Стоит особо выделить так называемое суеверие — потому что в нем плод и пища романтического духа. Когда читаешь, как объясняли авгуры во времена Цицерона увиденных Ромулом двенадцать коршунов, — как знак, что царство его простоит двенадцать веков, — и когда сопоставляешь с этим прорицанием падение Западной империи на двенадцатом веку своего существования, первая мысль, которая придет в голову, будет выше[122]
последующих, когда начинаешь уже подсчитывать возможные комбинации случая. Каждый пусть вспомнит из детских лет, — если только детство было поэтичным, — с какой таинственностью говорили тогда о двенадцати святых ночах, особенно о ночи перед Рождеством, когда небо и земля, словно дети и взрослые, раскрывают двери, чтобы вместе праздновать рождение величайшего человека, а злые духи толкутся поодаль и несмело грозят. Или можно вспомнить о том, с каким испугом выслушивался рассказ о комете, — ее обнаженный горючий меч каждую ночь поднимался и опускался на небе над нашим нижним робким миром, чтобы, словно вытянутый в руке ангела смерти, указать и нацелиться на утро кровавого будущего.
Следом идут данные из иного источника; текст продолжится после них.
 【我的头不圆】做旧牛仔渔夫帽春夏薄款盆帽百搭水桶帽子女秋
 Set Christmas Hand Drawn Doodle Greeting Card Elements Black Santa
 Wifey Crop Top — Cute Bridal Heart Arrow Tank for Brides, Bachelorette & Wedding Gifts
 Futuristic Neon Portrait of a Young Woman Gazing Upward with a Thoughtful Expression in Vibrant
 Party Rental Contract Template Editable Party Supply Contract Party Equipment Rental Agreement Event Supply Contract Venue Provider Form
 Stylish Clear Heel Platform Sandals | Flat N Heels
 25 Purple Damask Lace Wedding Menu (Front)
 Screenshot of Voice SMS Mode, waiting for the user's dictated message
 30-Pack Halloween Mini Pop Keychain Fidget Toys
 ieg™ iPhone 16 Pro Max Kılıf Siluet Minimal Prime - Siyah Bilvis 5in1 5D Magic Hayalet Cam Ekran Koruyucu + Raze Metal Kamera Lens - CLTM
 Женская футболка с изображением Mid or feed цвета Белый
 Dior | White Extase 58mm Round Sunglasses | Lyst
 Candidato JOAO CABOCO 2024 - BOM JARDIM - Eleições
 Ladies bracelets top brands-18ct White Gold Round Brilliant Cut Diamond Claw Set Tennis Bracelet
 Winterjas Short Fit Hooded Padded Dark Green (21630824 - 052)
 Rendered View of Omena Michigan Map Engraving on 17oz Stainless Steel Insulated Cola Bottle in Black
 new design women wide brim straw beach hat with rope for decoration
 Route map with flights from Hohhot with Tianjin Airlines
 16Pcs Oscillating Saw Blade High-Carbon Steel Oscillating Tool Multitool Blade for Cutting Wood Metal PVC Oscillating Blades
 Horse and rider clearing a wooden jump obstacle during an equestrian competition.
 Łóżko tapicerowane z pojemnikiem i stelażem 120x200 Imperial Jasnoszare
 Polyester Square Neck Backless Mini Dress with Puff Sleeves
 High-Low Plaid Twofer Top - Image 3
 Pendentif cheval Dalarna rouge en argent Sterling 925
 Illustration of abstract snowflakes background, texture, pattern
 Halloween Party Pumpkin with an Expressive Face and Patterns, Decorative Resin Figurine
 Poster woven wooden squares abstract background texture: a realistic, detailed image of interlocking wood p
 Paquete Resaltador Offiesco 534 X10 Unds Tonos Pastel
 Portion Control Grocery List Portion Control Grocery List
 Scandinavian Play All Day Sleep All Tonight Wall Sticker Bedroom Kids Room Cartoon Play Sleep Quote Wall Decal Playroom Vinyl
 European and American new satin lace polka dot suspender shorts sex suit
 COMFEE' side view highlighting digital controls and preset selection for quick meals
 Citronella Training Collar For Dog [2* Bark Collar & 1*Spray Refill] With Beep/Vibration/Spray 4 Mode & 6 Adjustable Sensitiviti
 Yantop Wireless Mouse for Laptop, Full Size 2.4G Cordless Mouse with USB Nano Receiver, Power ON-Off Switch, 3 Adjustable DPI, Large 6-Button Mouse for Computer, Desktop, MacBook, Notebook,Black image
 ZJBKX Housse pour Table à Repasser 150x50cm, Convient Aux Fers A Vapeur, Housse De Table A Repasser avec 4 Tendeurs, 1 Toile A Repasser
Вспомним о смертном одре человека: за черным длинным занавесом, отделяющим мир духов, можно было видеть суетящиеся и спешащие фигуры со свечами в руках; если умирал грешник, то ясно узнавались протянутые лапы и жадные глаза призраков, беспокойное брожение, а если умирал человек благочестивый, непременно обнаруживали вдруг знак, подаваемый ему цветком, — лилию или розу на его церковной скамье, — или слышали странную музыку, видели его двойника и т. д. Даже знамения счастья не переставали пугать — блаженная белая тень, проплывавшая мимо, или рассказ о том, что ангелы играют с ребенком, когда он улыбается во сне. Как все это мило! Автор рад за себя, что ему уже несколько десятков лет от роду, что в детстве он рос в деревне и потому воспитан был в известных суевериях, воспоминаниями о которых он пытается нынче обойтись в жизни, — тогда как теперь вместо резвящихся ангелов ему подсовывают желудочную кислоту[123]. Если бы его очень усердно воспитывали и утонченно развивали в Галлии, в тамошних заведениях и в этом самом веке, так ему пришлось бы сначала поучиться у поэта тому, как чувствовать те самые романтические чувства, с которыми он теперь сам подходит к нему. Во Франции с незапамятных времен было меньше всего суеверий и поэзии, у испанца было больше того и другого, веселый итальянец схож был с римлянами и греками, в суеверности которых не было ничего общего с нашим царством духов, поскольку их суеверия касались земной фортуны и ее обычно возвещали известные существа, ибо на немецких гробах, к примеру, никто бы не нарисовал тех веселых, жестоких и дерзких сцен, что на древних урнах и саркофагах греков или даже мрачных этрусков.Суеверие{1}
Севера и в драке воронов и в военных играх детей умело распознавать кровавый перст, указывающий на гибельное неистовство народов; суеверие было тем более романтично и возвышенно, чем мельче и незначительнее сами прорицающие образы. Так, ведьмы в шекспировском «Макбете» тем страшнее, чем больше скрывают свое ведовство в облике сморщенных уродливых старух, тогда как в шиллеровском «Макбете» котурны, привязанные к их ногам, дабы их возвысить, служат туфлями отца Фульгенция — укрощавшими колдовскую силу волшебниц. Несоответственность внешнего облика и безмерного могущества открывает перед фантазией неизмеримое поле страхов; отсюда наша непропорциональная боязнь мелких животных, так что необычайно смел должен быть генерал, который так же спокойно и неподвижно останется сидеть перед злобно рокочущей осой, ищущей свою жертву, как перед грохочущей пушкой. Во сне больше боишься мистических карликов и меньше — великана, фигура которого поднимается прямо к небу.